Note that the hierarchy of homunculi is something very different from the hierarchy of knowledge you propose. In the latter, you can, in a sense, go as far as you like---each new level being a sort of 'coarse-graining' of the level below; in many cases, in fact, the hierarchy will terminate, because eventually, there's nothing left to coarse-grain.
The hierarchy of homunculi, however, is necessarily infinite. Picture a person looking at a screen. We'd say that they understand what's happening on the screen, that they have knowledge about it, and so on. For instance, the screen might show an apple; the person will identify the apple, and thus, recognize that picture as a picture of an apple. In this way, the picture comes to represent an apple.

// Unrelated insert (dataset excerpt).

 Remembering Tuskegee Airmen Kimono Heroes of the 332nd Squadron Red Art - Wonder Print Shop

But if we attempt to cash out all representation in this way, we become trapped in the infinite regress: if, in order to recognize the picture as being of an apple, the person possesses some internal mental representation of it---an inner picture of that picture of an apple---they need likewise an inner observer recognizing that second-order picture as such, in order to make it into a representation of the picture seen by the person.

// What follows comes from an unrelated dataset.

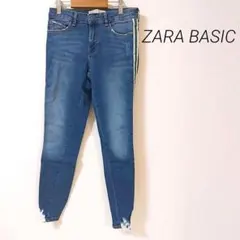 2.02 ザラ スキニーデニム サイドストライプ ダメージ加工パンツ ロゴボタン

But this never bottoms out: we're left with ever higher-level homunculi, and, like the way the picture of an apple can only be recognized as a picture of an apple if the first-level homunculus recognizes the internal representation as representing a picture of an apple, the interpretation of the representation at the nth level depends on the interpretation of the representation at the (n+1)st; thus, we have to climb the whole infinite hierarchy in order to generate the recognition of the picture of an apple as being a picture of an apple on the lowest rung. Since we generally consider such infinite tasks impossible, it follows that representation---intention, meaning, having aims and goals---cannot be explained by such a homuncular theory.
Now, not every theory of intentionality need be homuncular. Yours may not be, for instance. I try to circumvent the homunculus problem by the von Neumann construction, which allows me to construct a sort of internal representation that is itself its own user---that 'looks at itself', recognizing itself as representing something. But very many theories, in practice, are---as a guideline, whenever you read sentences such as 'x represents y', 'x means z', and so on, you should ask: to whom? And if there is an entity, implicitly or explicitly, that needs to be introduced in order to use a given representation as representing something, then you can discard the theory: it contains an (often unacknowledged) homunculus.

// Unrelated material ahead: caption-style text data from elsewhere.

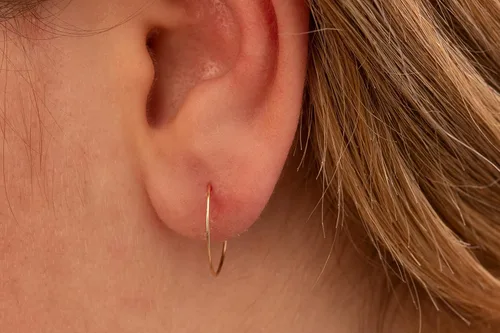 Vista 122 de Aretes de aro de oro de plata – Aretes de aro para mujer, dos piezas de aros de plata fina rellenos de oro, aro de hélice, anillo de tragus, aro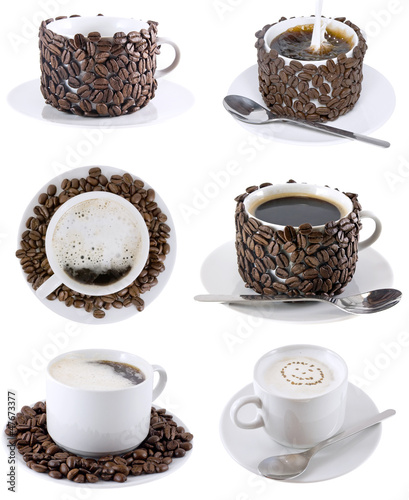 Collage of various coffee cups. Isolated
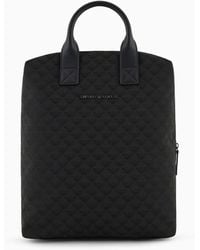 Emporio Armani - Nylon Backpack With All-over Jacquard Eagle And Handles - Lyst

Regarding the halting problem, the example I gave is actually one in which it is solvable (while in general, it's not): the algorithm that calls itself will never terminate. But you are right to link infinite regress and self-referential problems, such as the halting problem: when I draw a map of an island, and the island includes the map (say, it's installed at some specific point), then the map must refer to itself; and if it's infinitely detailed, then the map must contain a copy of the map must contain a copy of the map... And so on.